If you are in the market for a car and beginning to investigate payment options, you may be asking yourself: are car loans open or closed? Understanding the way a car loan works is critical to making the right decision. Before you sign on the dotted line, it’s important to know what to expect. That’s why we’ve done extensive research to give you the information you need.
Car loans are closed-end loans. This means that a lender gives you a specific amount of money and expects to have both the interest and principal repaid in a set amount of time. Once you take out a car loan, you are required to make payments on a consistent schedule. And, without taking out another loan, there is no way to increase the amount of money you have borrowed.
It is totally understandable that you may want a little more information before you go out and sign up for a loan. That’s why we’ve written this post -- to help you fully comprehend how a car loan is structured.
What Is An Example of Closed End Credit?
The two most common types of closed end credit are home loans and car loans. With both types, the lender (usually a bank) agrees to give the borrower (you) a certain amount of money (the loan amount), at a certain interest rate, with a set amount of time to complete all of the payments.
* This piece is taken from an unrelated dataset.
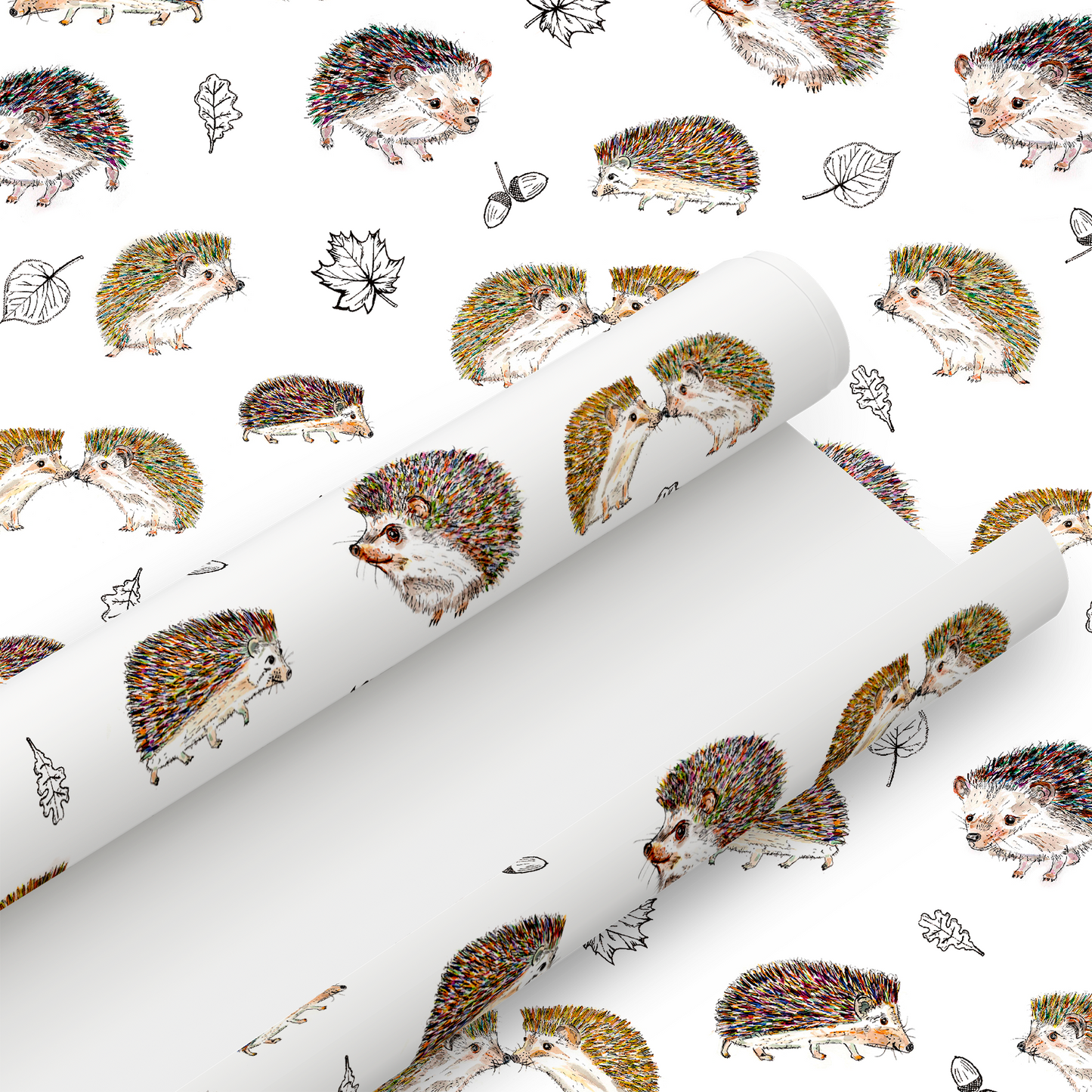 Hedgehog Design Wrapping Paper and Gift Tag (Small print error) - Rolled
With a home loan or mortgage, the typical length of time is usually 15 years or 30 years. Generally, most people tend to choose a mortgage with a fixed rate of interest so they can have relative certainty regarding their payments.
Most car loans are between 5 and 6 years and feature the option, like mortgages, for fixed or adjustable rates. Like with mortgages, there are advantages and disadvantages to either approach.
Closed-end loans make things pretty straightforward. If you make your payments on time, you keep the item for which you took out the loan. If you miss too many payments and default on the loan, you will lose the car or the home for which you are using the loan.
And, unlike with an open-end loan, the amount of money you are receiving from your current closed-end loan cannot be increased as you make payments. When you get your car loan through a bank or car dealership, the amount you are borrowing is set when you sign the agreement. You cannot obtain extra money without taking out another loan.
Also, a closed-end loan can only be used for the purchase for which you are seeking the loan. In other words, you cannot attempt to take out a car loan but use the money to buy something else. Your lender is giving you the money on the condition that you will use it for the initial reason you came to them. An attempt to use a car loan for another purchase can create serious problems for you and your credit score.
So, now that we have more fully explained what a closed-end loan is and how its structure creates its limits, you probably want to know more about open-end loans so that you can be sure you fully understand the way your car loan works. The good news is that we have done the research regarding open-end loans, too. Once you read a little bit about an open-end loan and how it works, you can be confident that you’ll understand exactly how your car loan will work.
How Do Open Loans Work?
While closed-end loans limit the amount of money you can borrow over the life of the loan, open-end loans give you more flexibility. As you make payments, you can increase the amount of money to which you have access through an open-end loan.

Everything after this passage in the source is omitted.